Pero esta exposición es “más ambiciosa”, ha asegurado el director artístico del Museo Thyssen, Guillermo Solana, y, efectivamente, hasta Madrid han viajado algunos de los cuadros más representantivos de la trayectoria de Hammershøi, un pintor “de trabajo lento” que alumbró unas 400 obras en su vida.
El recorrido que plantea la exposición no responde a un orden cronológico, salvo en la primera de las salas, con sus trabajos de juventud, y la última, en la que se muestran obras que pintó en los años previos a su muerte y en cuya composición se aprecia la entrada del rosa, el azul o el amarillo, sino temático: retratos y figuras, entre los que cobra una dimensión especial la presencia de su mujer y musa, Ida; interiores, tal vez el género que mejor sintetiza su genio artístico y el que le dio fama en vida, y paisajes, de los que Hammershøi lamentaba el poco éxito.

El mismo apartamento de Copenhague en el que Hammershøi y su mujer vivieron de 1898 a 1908 pintado una y otra vez, sin apenas cambios, con los mismos objetos en distintos lugares y sutiles variaciones en la luz o en la disposición de la figura femenina. “Escenarios magnéticos y vacíos en los que proyectar lo que pasa por nuestras cabezas”, ha analizado la comisaria este viernes en la presentación ante la prensa de la exposición.

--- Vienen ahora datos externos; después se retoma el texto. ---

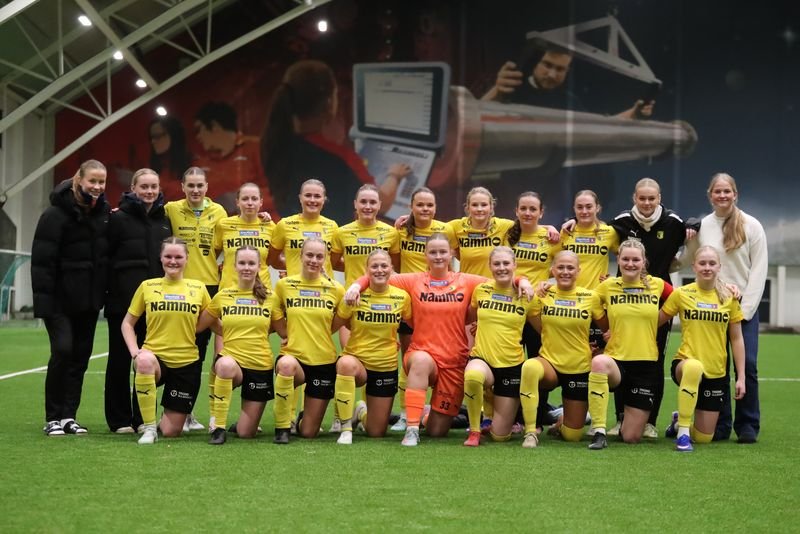 Lagbilde fra lørdagens treningskamp mot Hamkam (Foto: Sølvar Flatmo)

En cuanto al título, El ojo que escucha, Marcellán explica que remite a la relación metafórica entre la pintura de Hammershøi, el silencio y la calma que transmite, y el interés del artista por la música. De ahí que en el catálogo de la exposición se haya incluido un artículo de Ramón Andrés en el que el musicólogo, ensayista y poeta aborda la frustrante relación que tuvo el pintor danés con un instrumento tan difícil como el violonchelo.
La comisaria argumenta que si la obra de Hammershøi se ha comparado con la de Dreyer, Ingmar Bergman o incluso Lars von Trier, grandes nombres del cine nórdico, es porque sus encuadres son muy fotográficos, por lo que también es fácil evocar al contemplar sus cuadros escenas pintadas por Vermeer o Hopper, con personajes “crípticos” en un “tiempo suspendido”. Y, en este sentido, se interpreta el protagonismo del blanco, un color que, como apuntaba Kandinsky, transmite un silencio pleno, a la manera de una pausa musical.

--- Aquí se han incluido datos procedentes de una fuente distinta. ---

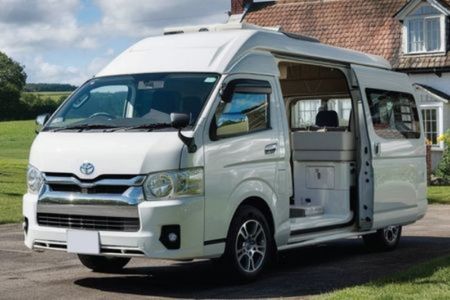 Why Choose a Maxi Cab in Lalor for Airport Transfers?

En suma, ha insistido Solana, con esta exposición el Museo Thyssen trata de acercar al gran público un “perfecto desconocido” como Wilhelm Hammershøi, quien, como muchos de los pintores finiseculares, sufrió el ostracismo decretado tras la Primera Guerra Mundial por el nuevo gusto vanguardista, que encumbró a figuras como Picasso o Matisse.

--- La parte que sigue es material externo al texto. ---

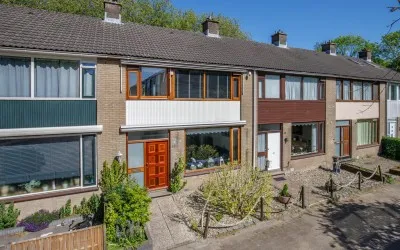 Tussenwoning te koop: Trompetbloem 18, Rotterdam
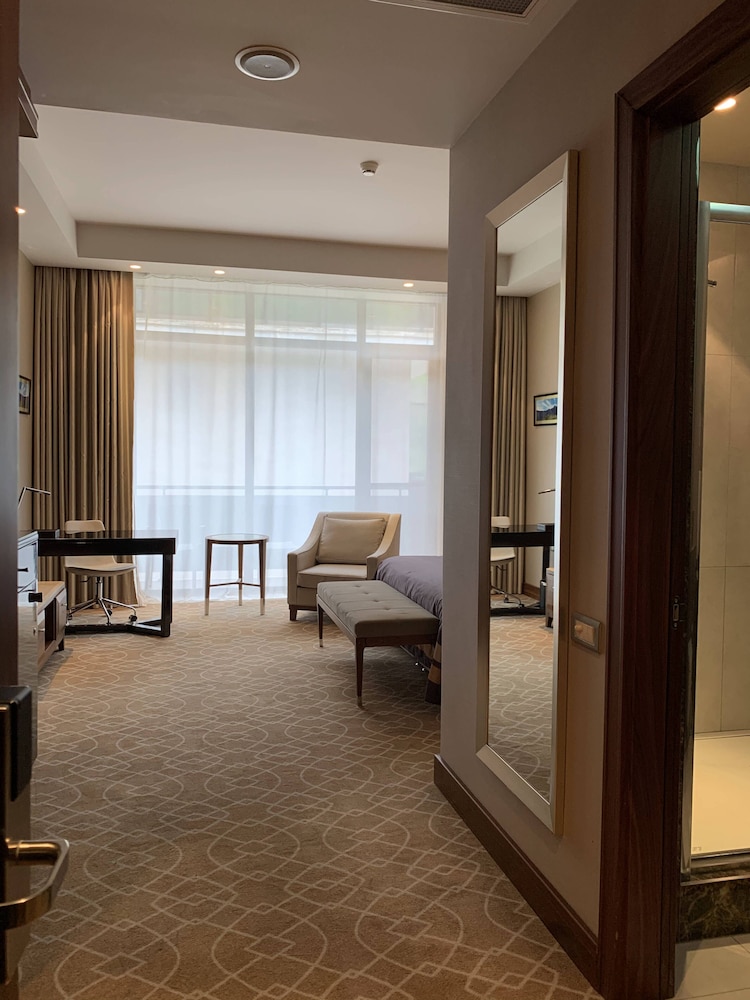 Economy Room, 1 King Bed photo 3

Sin embargo, añade Marcellán, a ese destino había que darle la vuelta -la Galería Nacional de Dinamarca devolvió a sus antiguos propietarios los cuadros de Hammershøi en 1930 y los volvió a recuperar a partir de los ochenta-, ya que no era justo para alguien con una mirada tan “enigmática y única” como la del pintor danés, inclasificable bajo la etiqueta de realista. En todo caso, argumenta la comisaria, habría que hablar de un “realismo espectral” en el que la ciudad aparece extrañamente vacía y los interiores, desnudos, despojados de la calidez del hogar burgués sobre la que teorizó Walter Benjamin.